A nice evening out enjoying good food with the family is too valuable to ruin thinking about your abs.


----------



## Silvaback (Jul 31, 2013)

Wasn't a "cheat" meal either! :thumb:


----------



## AlexB18 (Dec 10, 2013)

Major Eyeswater said:


> It works for me because my general diet is really good - I don't particularly like sweet or salty stuff, and my usual lunch that I take to work is tuna & egg salad with loads of raw veggies, so I'm eating clean(ish) by default.
> 
> So if the Missus wants to go for a curry on Friday night, I'll go and eat what I please - even of I'm on a cut. It's not going to make a significant difference to my weekly calories, and if it does it's nothing that an hour on the bike won't fix.
> 
> *A nice evening out enjoying good food with the family is too valuable to ruin thinking about your abs*.

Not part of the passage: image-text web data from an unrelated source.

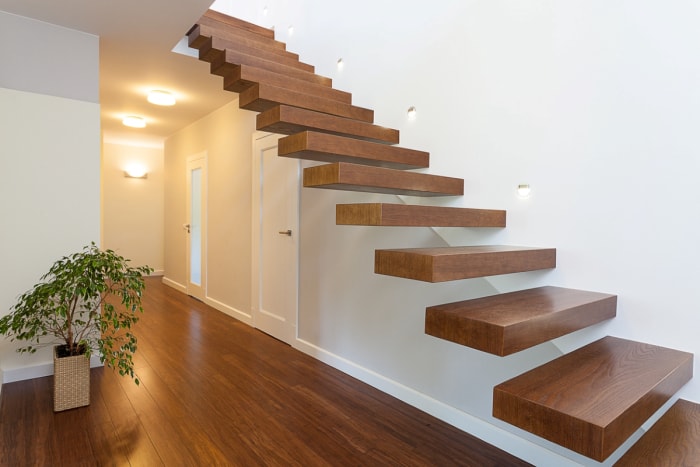 Un escalier flottant en noyer dans un couloir moderne.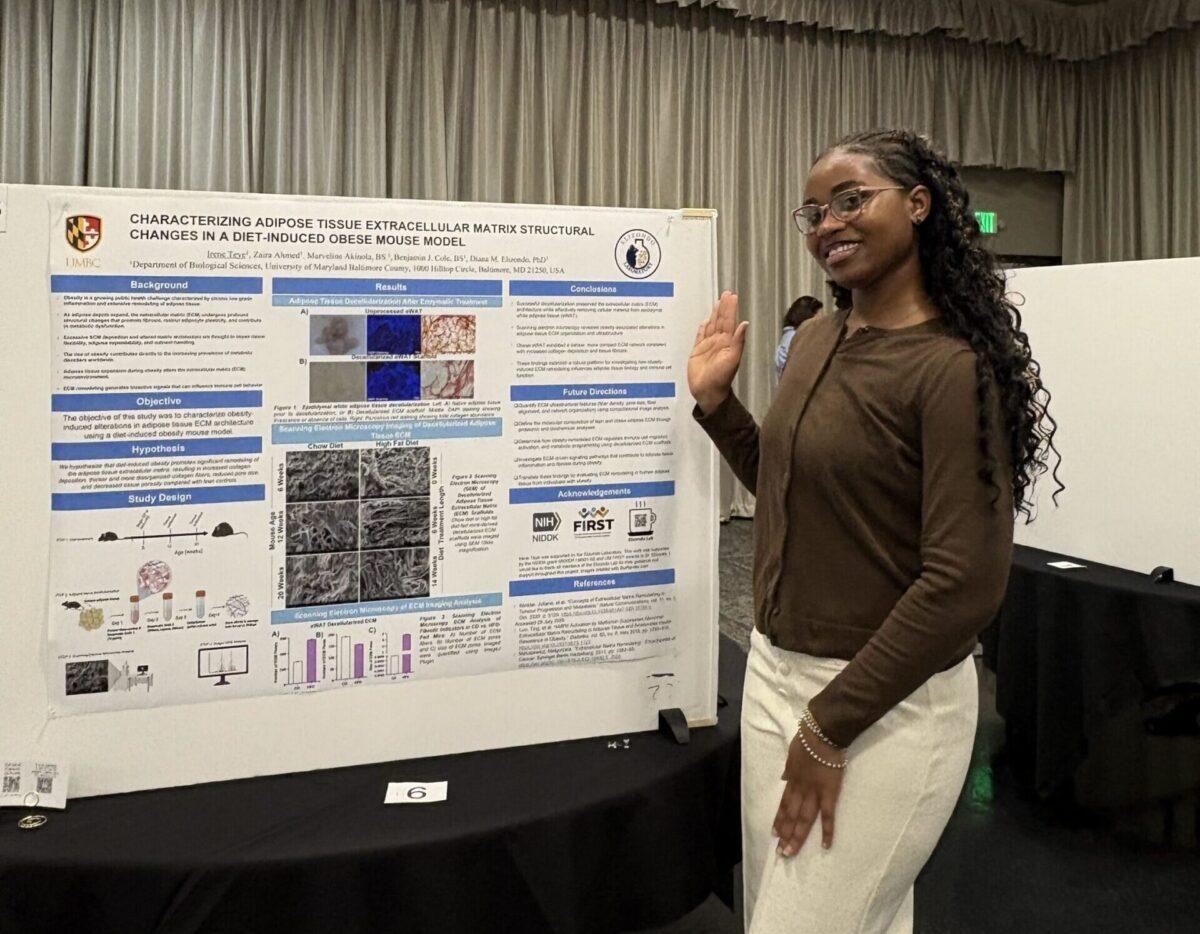 Irene Teye smiles and gestures toward her Summer Undergraduate Research Fest poster, titled, "Characterizing adipose tissue extracellular matrix structural changes in a diet-induced obese mouse model"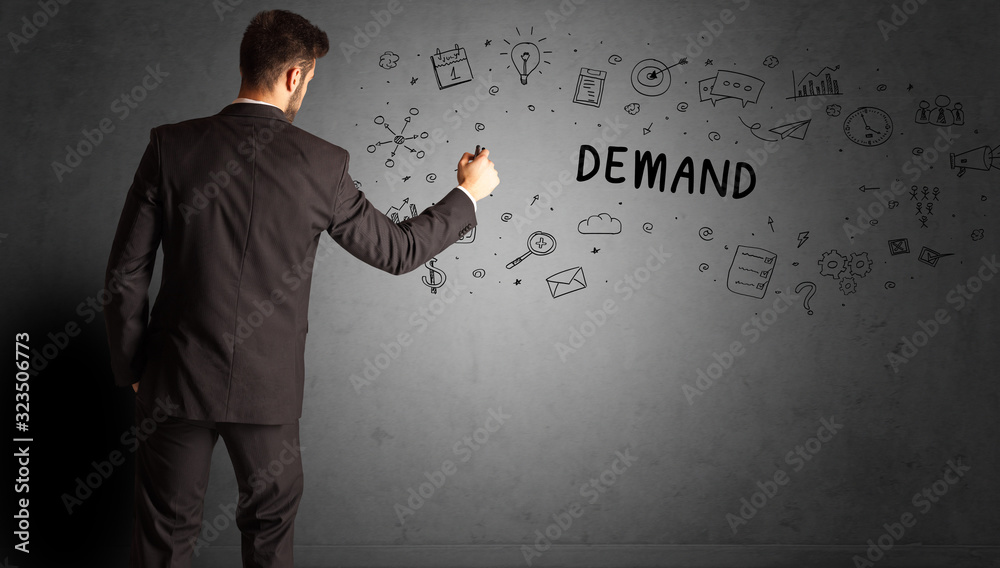 businessman drawing a creative idea sketch with DEMAND inscription, business strategy concept businessman drawing a creative idea sketch with DEMAND inscription, business strategy concept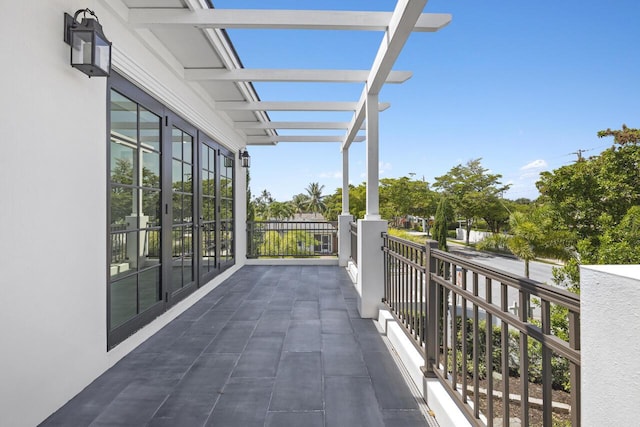 balcony featuring a pergola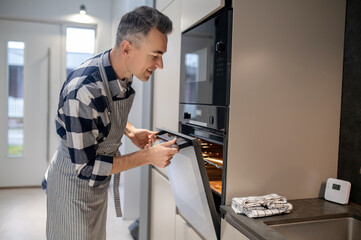 Man sideways to camera looking into open oven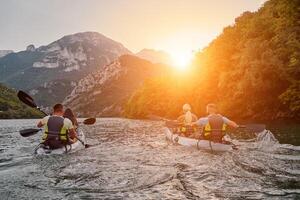 A group of friends enjoying fun and kayaking exploring the calm river, surrounding forest and large natural river canyons during an idyllic sunset. photo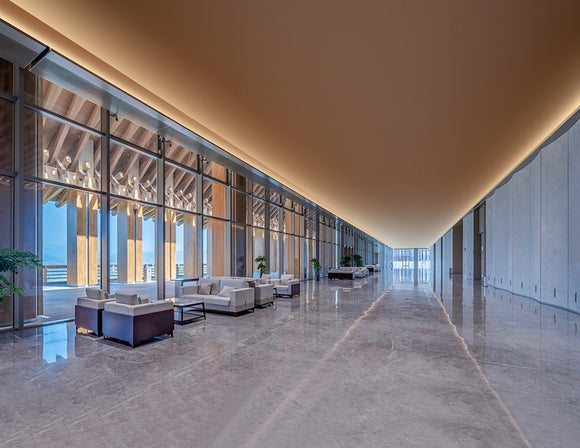 Dimmable COB LED strip installed in the ceiling of a shared public lounge, providing flicker-free 2700K light.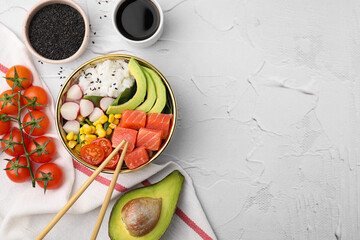 Delicious poke bowl with salmon, avocado and vegetables on white textured table, flat lay. Space...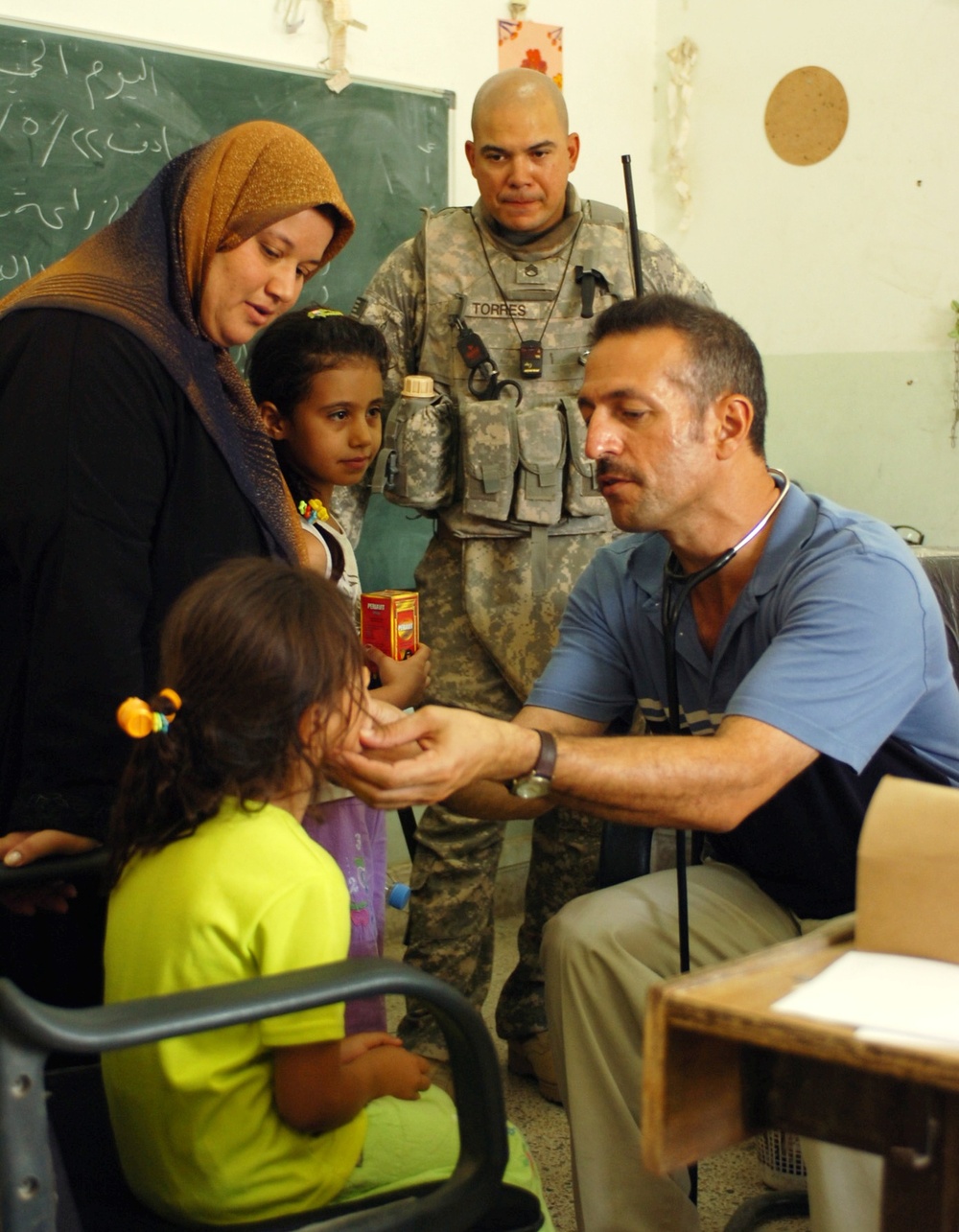 U.S. Soldier Assists Iraqi Girl During Medical Operation in Baghdad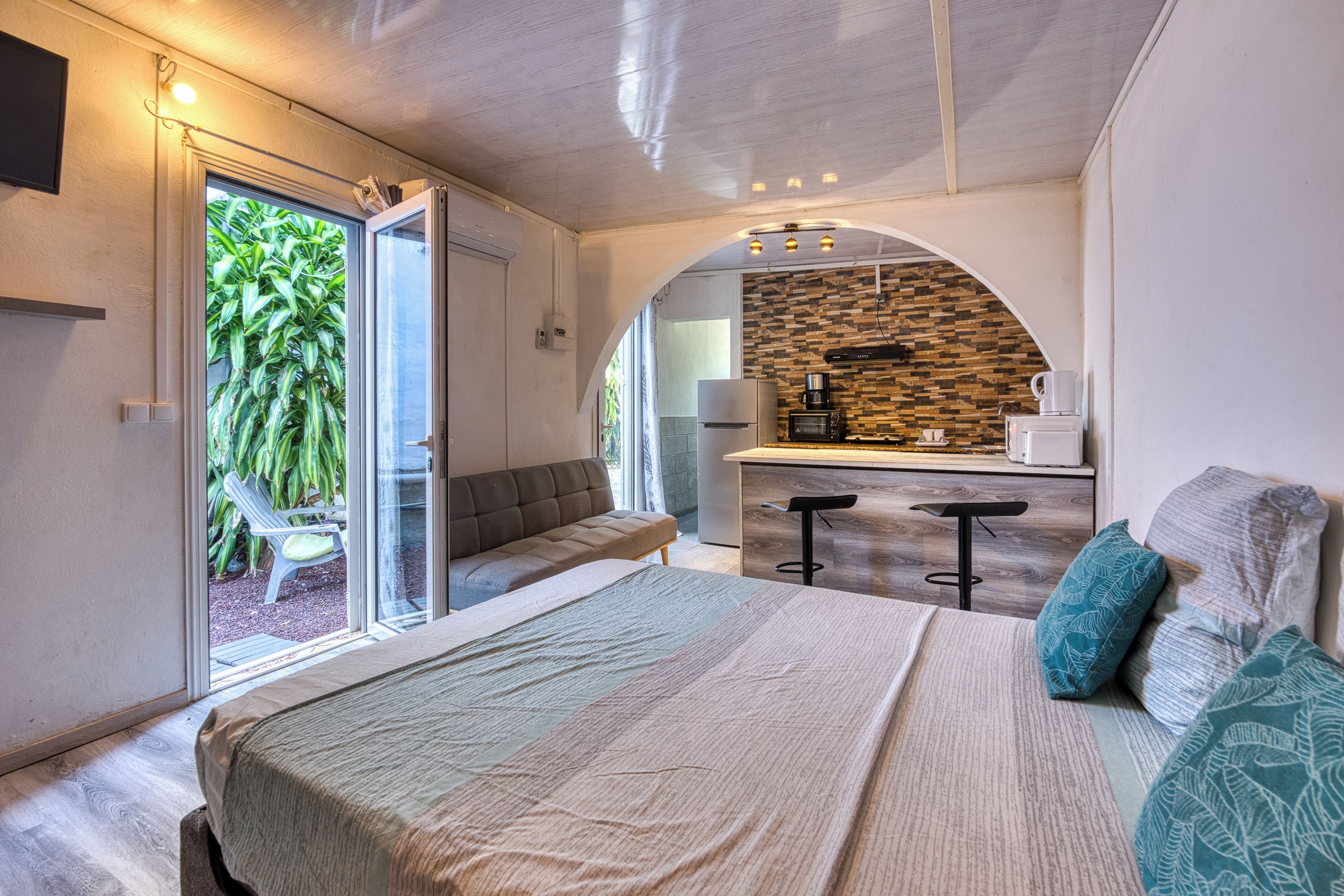 A modern bedroom with a large bed, a seating area with a bench, and a kitchenette with a stone backsplash.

Oh aye couldn't agree more with that, though im quite lucky my mrs understands why I do this so she will be alright if I sit down for tea with something different to her, I still cook both meals though, also another reason I track everything and eat clean etc is I just don't trust myself to eat within my means without counting everything, I just cant do it :lol:


----------



## Shawrie (Aug 6, 2014)

AlexB18 said:


> I feel exactly the same after just one small square of chocolate, im on holiday next week eating **** most of the week so il no doubt feel like a funking fat mess when I come back training again :lol:
> 
> Anyway back on point favorite cheat meal is the BBQ chicken calzone, 8 mozzarella cheese dippers with garlic mayo and a tub of ben n jerries baked Alaska washed down with a bottle of coke, all from my local takeaway


Can i just point out that i no longer eat rubbish all day.lol


----------



## Major Eyeswater (Nov 2, 2013)

AlexB18 said:


> im quite lucky my mrs understands why I do this so she will be alright if I sit down for tea with something different to her


I can't be doing with that either. On workdays, I come home & sit down to whatever she's cooked. She cooks good food, and she's quite happy to give me smaller portions if I'm on a cut or bigger if I'm on a bulk. She's used to me sometimes looking at my plate as she's serving up and quickly rustling up a couple of scrambled eggs to go on top if I don't think there's quite enough - but that's as far as it goes.

The approach works. When I'm on a cut, I dial in a 6-900 deficit, and I drop 3lb every 2 weeks


----------



## SwAn1 (Jun 4, 2012)

I like to eat junk, so I'd sooner do 7+ hours of cardio per week and eat plenty of sh!te than eat clean and do minimal cardio!


----------



## Muckshifter (Apr 5, 2014)

dallas said:


> Ho god I want one now ffs.


Yip me too a boneless bucket mmmmm


----------



## angilonit (Aug 7, 2014)

silverzx said:


> Where in Istanbul can I find these?!


Take look at links mate  .

http://www.tripadvisor.com/Restaurant_Review-g293974-d2682844-Reviews-Burger_House-Istanbul.html

http://www.tripadvisor.com/Restaurant_Review-g293974-d3369257-Reviews-Dukkan_Burger-Istanbul.html

I recommend this one.

http://www.mekanist.net/istanbul/restoran/dukkan-burger-bebek


----------